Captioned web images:
══════
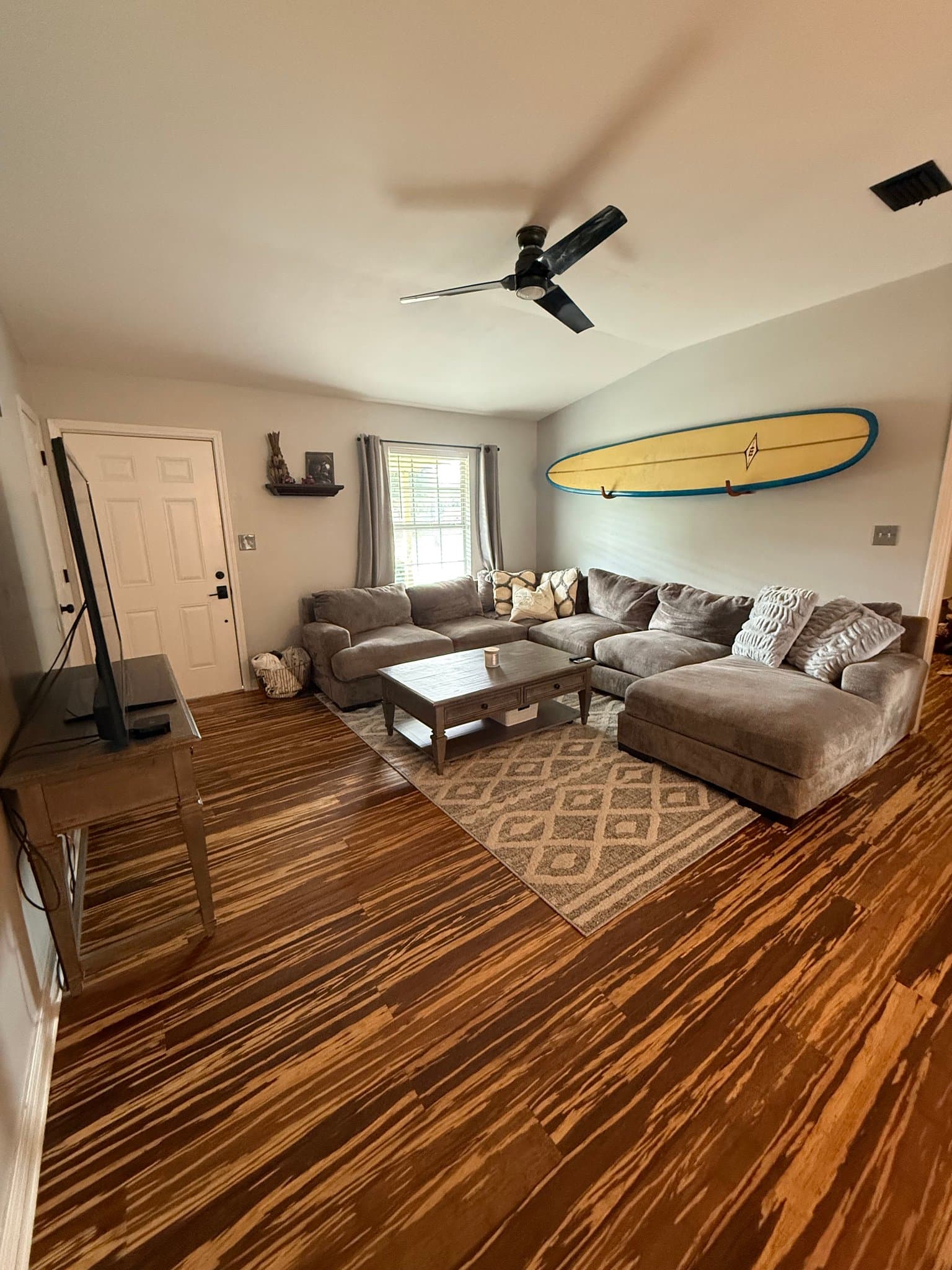 Navarre House: 2601 Edgewood Dr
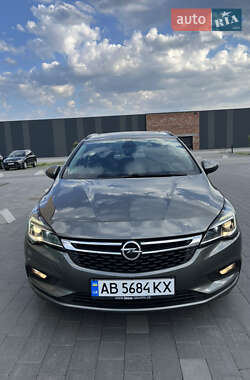 Универсал Opel Astra 2018 в Хмельницком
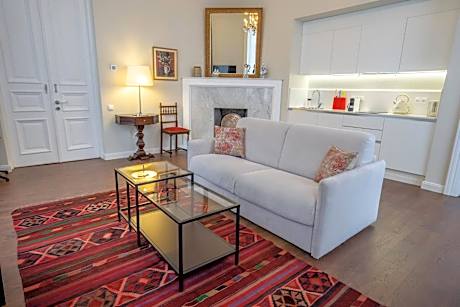 TIFLIS OPERA Aparthotel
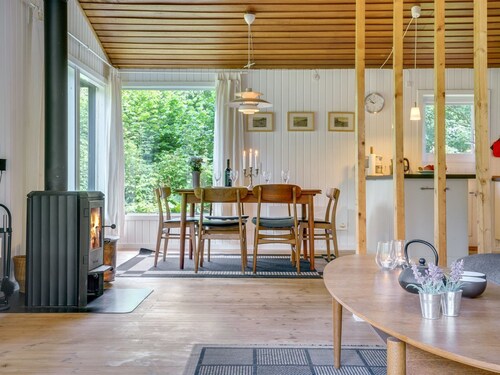 "Lucie" - 1.5km from the sea by Interhome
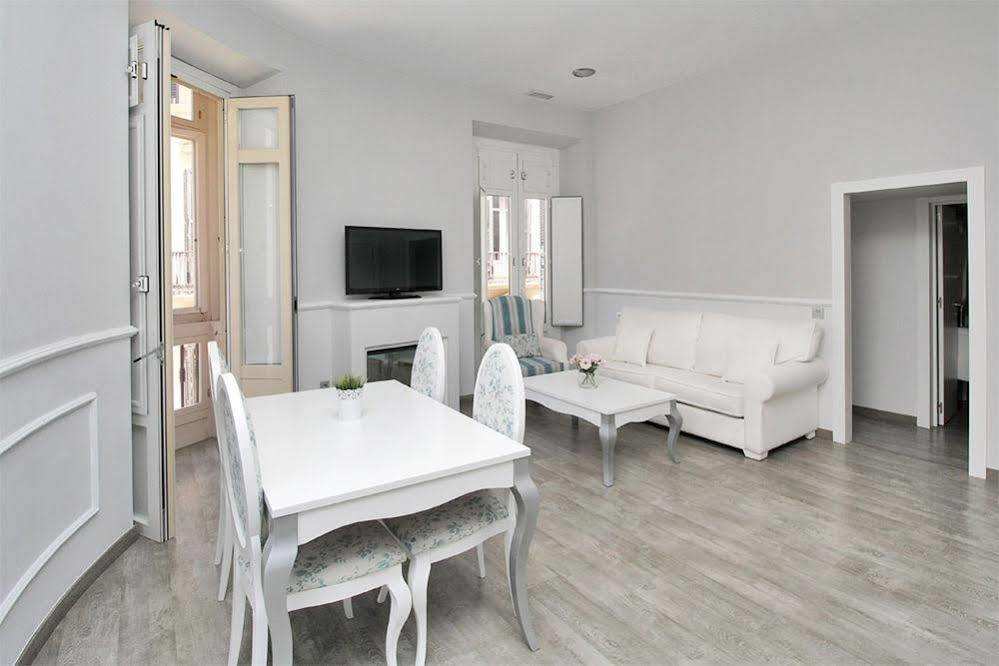 Apartamentos Calle Larios Málaga Exterior foto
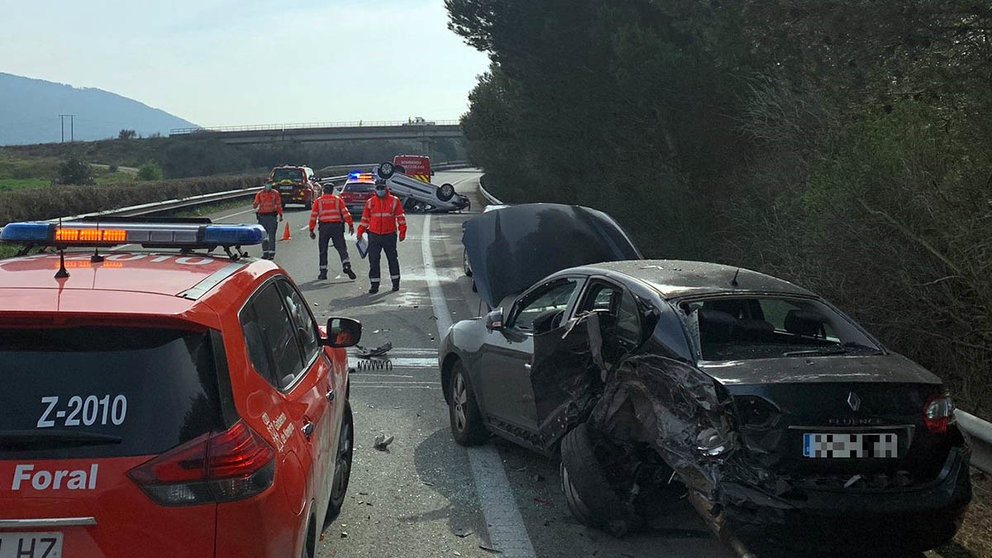 La Policía Foral investiga las causas de este accidente en Larragueta que ha dejado varias personas heridas. POLICÍA FORAL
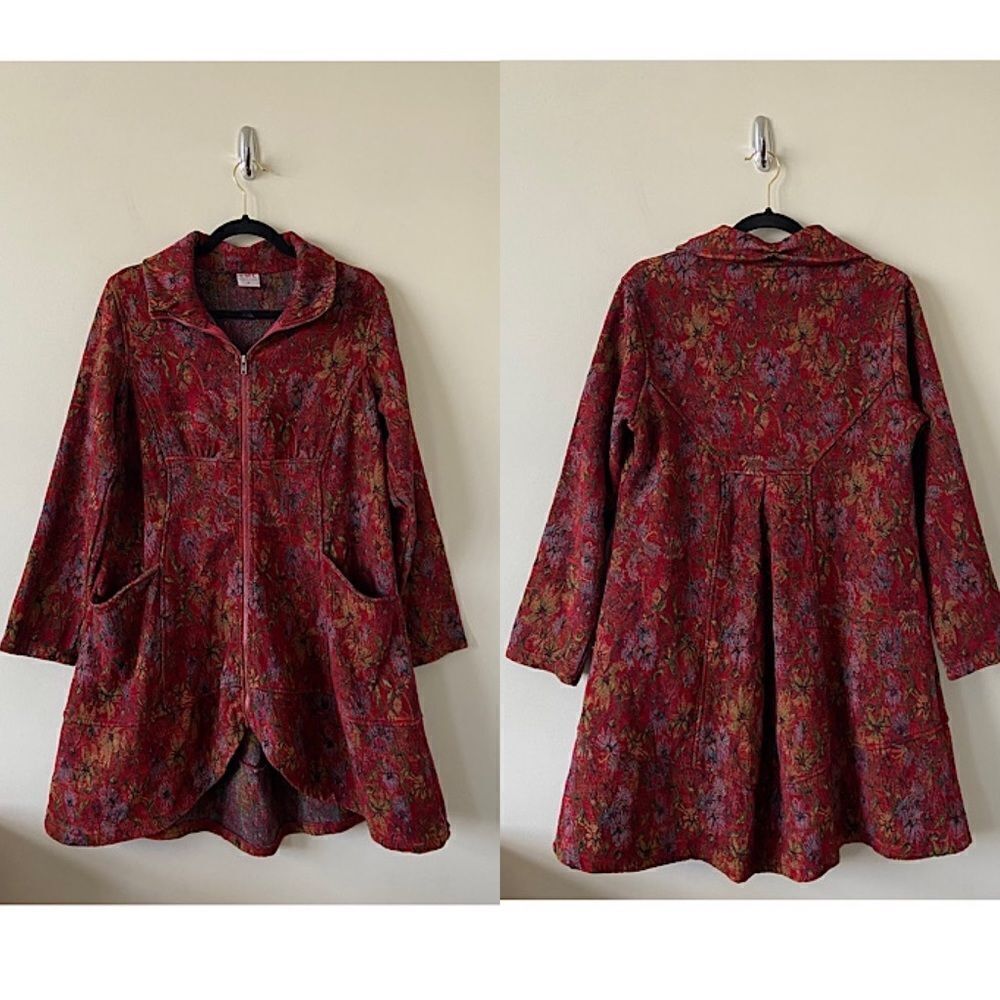 C.M.C (Colour Me Cotton) Boho Double Pocket Tapestry Swing High Low Jacket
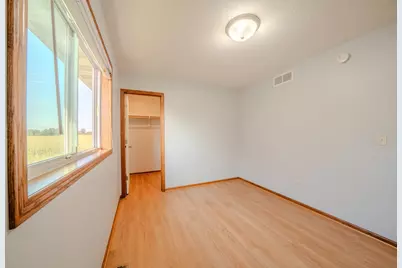 1051 Yellowstone Avenue, Saint Cloud, MN 56303 - Photo 24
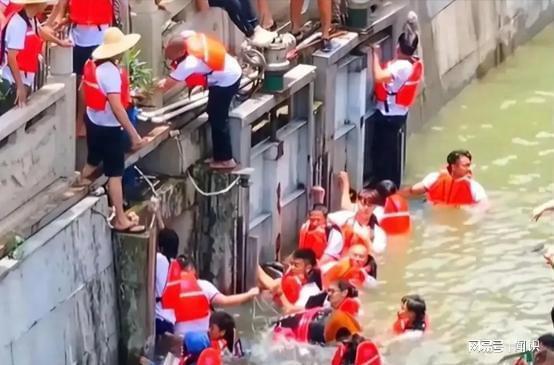 猎德村“洋人扒龙舟”后续：大摆龙舟宴记入族谱三千万买新船(图13)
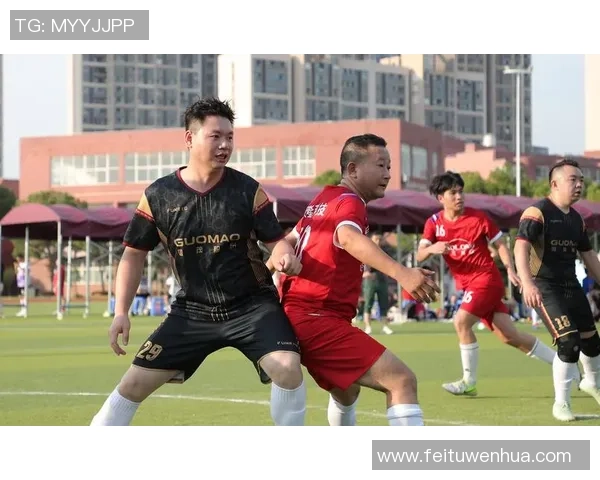 足球巨星赛前入场服装风采解析彰显个性与球队精神魅力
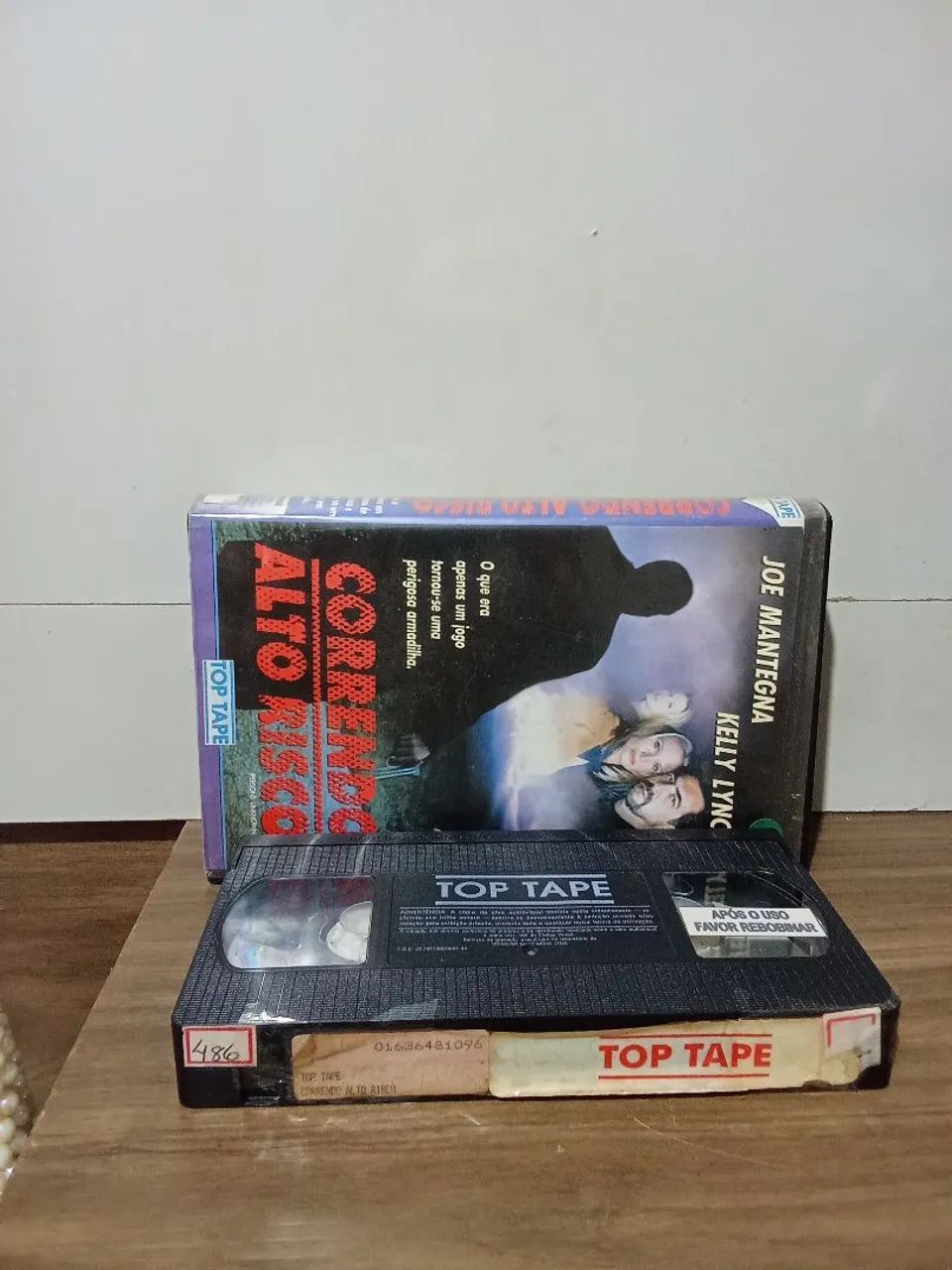 Vhs filme correndo alto risco (legendado) - Foto 4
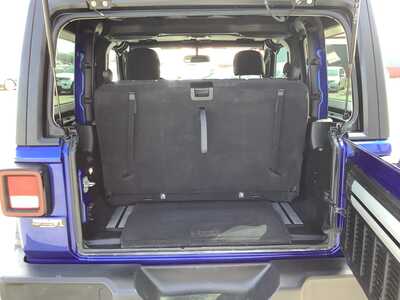 2019 Jeep Wrangler, $17975. Photo 9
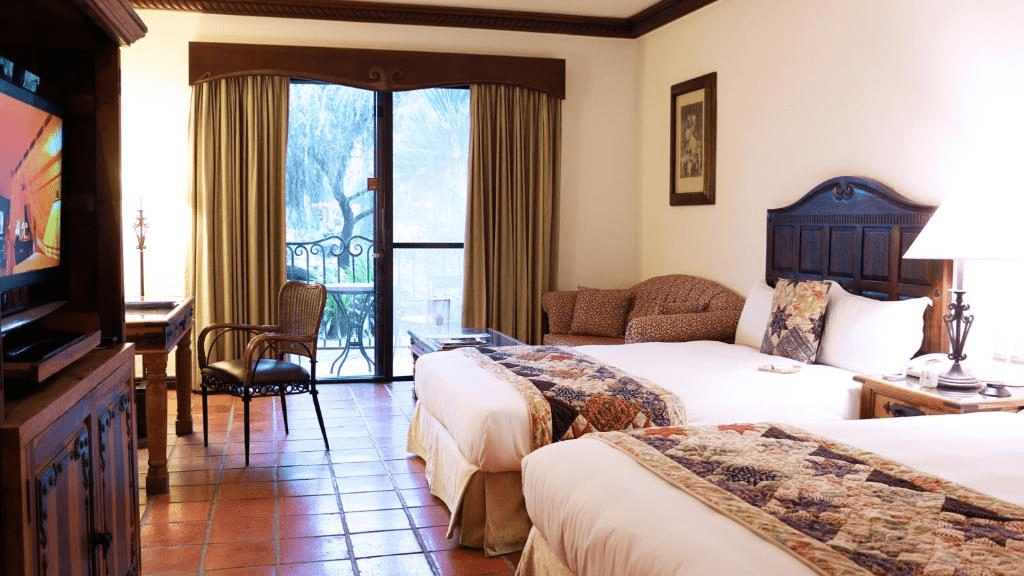 順著花蓮的山與水抵達理想大地渡假飯店，讓住宿本身成為旅行的一部分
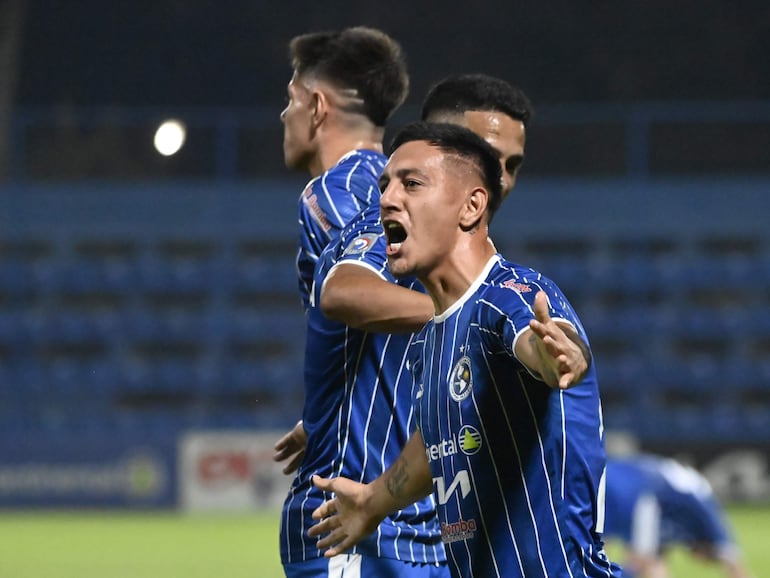 Lisandro Cabrera, jugador de Sol de América, celebra un gol en el partido frente a General Caballero de Juan León Mallorquín por la tercera fecha del torneo Clausura 2024 del fútbol paraguayo en el estadio Luis Alfonso Giagni, en Villa Elisa.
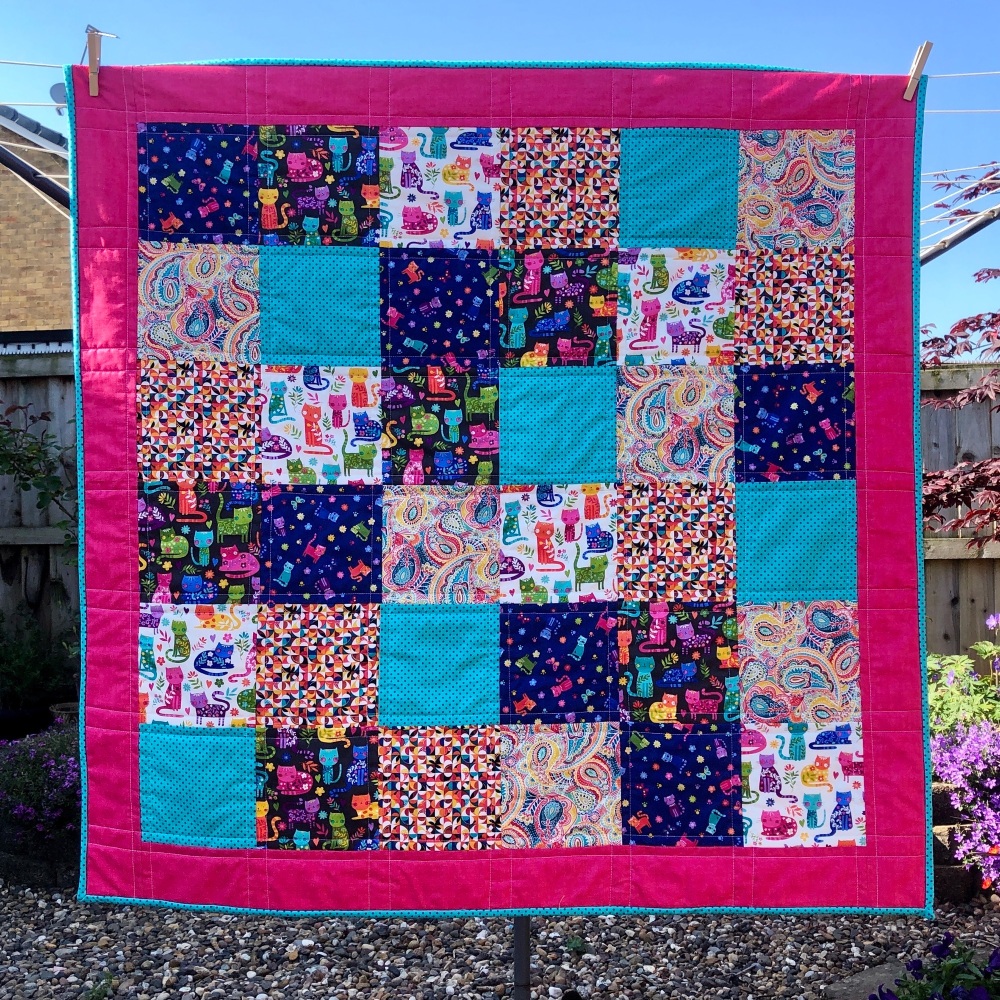 <!-- 001 -->Quick & Easy Quilt Kit in Cool Cats - Beginner's Quilt Kit, Eas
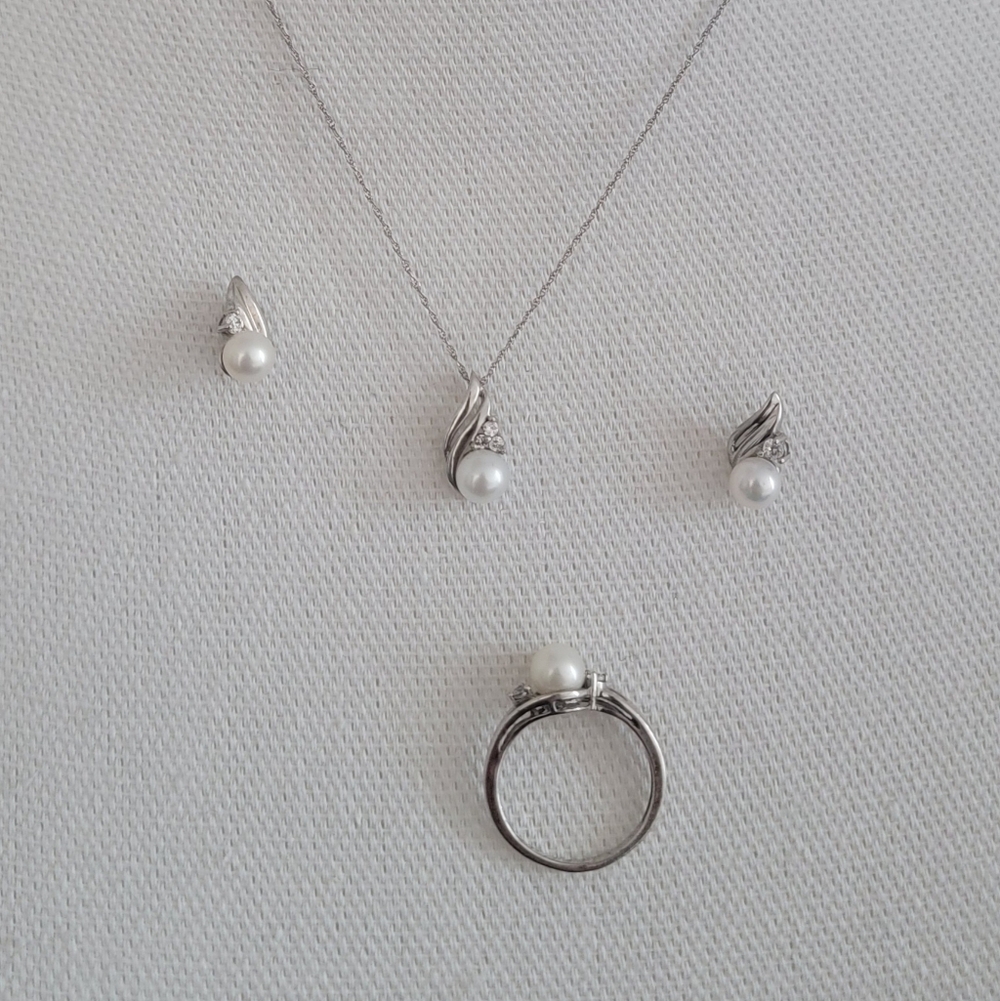 Sterling Silver, Diamond, & Pearl Jewelry Set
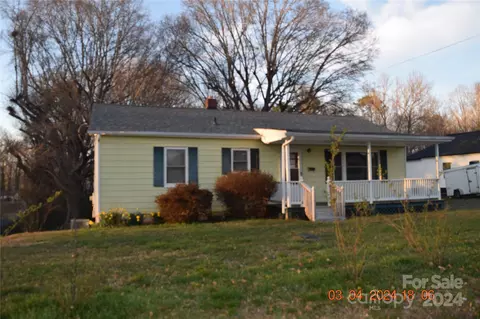 212 W Poplar St, Stanley, NC 28164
══════
Exactly the lines from the one containing "<!-- 001 -->Quick" through the last line of the data above should be output, both ends included, with every picture left out.

 <!-- 001 -->Quick & Easy Quilt Kit in Cool Cats - Beginner's Quilt Kit, Eas
 Sterling Silver, Diamond, & Pearl Jewelry Set
 212 W Poplar St, Stanley, NC 28164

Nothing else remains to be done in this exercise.